I’m experimenting some models are running simultaneously on ORIN board, utilizing its GPU and DLA0/1 resources.
But It makes me confused which trt(serialized engine plan binary) is running on DLA0/1/GPU.
Please let me know guys :)
Environment
TensorRT Version: 8.4 GPU Type: ORIN Nvidia Driver Version: CUDA Version: CUDNN Version: Operating System + Version: Python Version (if applicable): TensorFlow Version (if applicable): PyTorch Version (if applicable): Baremetal or Container (if container which image + tag):
Relevant Files
Please attach or include links to any models, data, files, or scripts necessary to reproduce your issue. (Github repo, Google Drive, Dropbox, etc.)
EngineInspector will tell you about that to some extent:
If layers are running on DLA, those layers will appear as one DLA runner layer.
you can also use the polygraphy inspect model as a front-end for the engine-inspector.
I think the Engine inspector is not giving the needed info, even it is serialized using kDETAILED config flag.
Is there really any method to giving the HW info (where the layer is running on GPU or DLA)?

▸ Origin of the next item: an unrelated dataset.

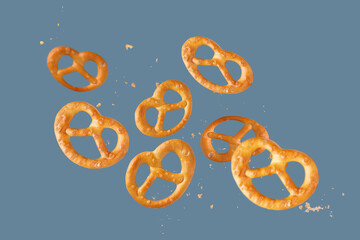 salty pretzels are scattered on a blue background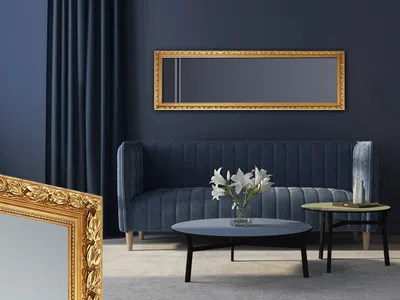 A living room scene with a blue sofa, coffee table, and a gold-framed mirror on the wall.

Another following questions:
Q1.
What if I serialized my model using config->setProfilingVerbosity(nvinfer1::ProfilingVerbosity::kDEFAULT);
If I want to see the detailed information (kDETAILED info),
then Is re-serialization using kDETAILED is the only possible way to see that detailed info?
Q2.
If I serialize the ONNX model using kDETAILED, is its speed as same to kDEFAULT serialized one?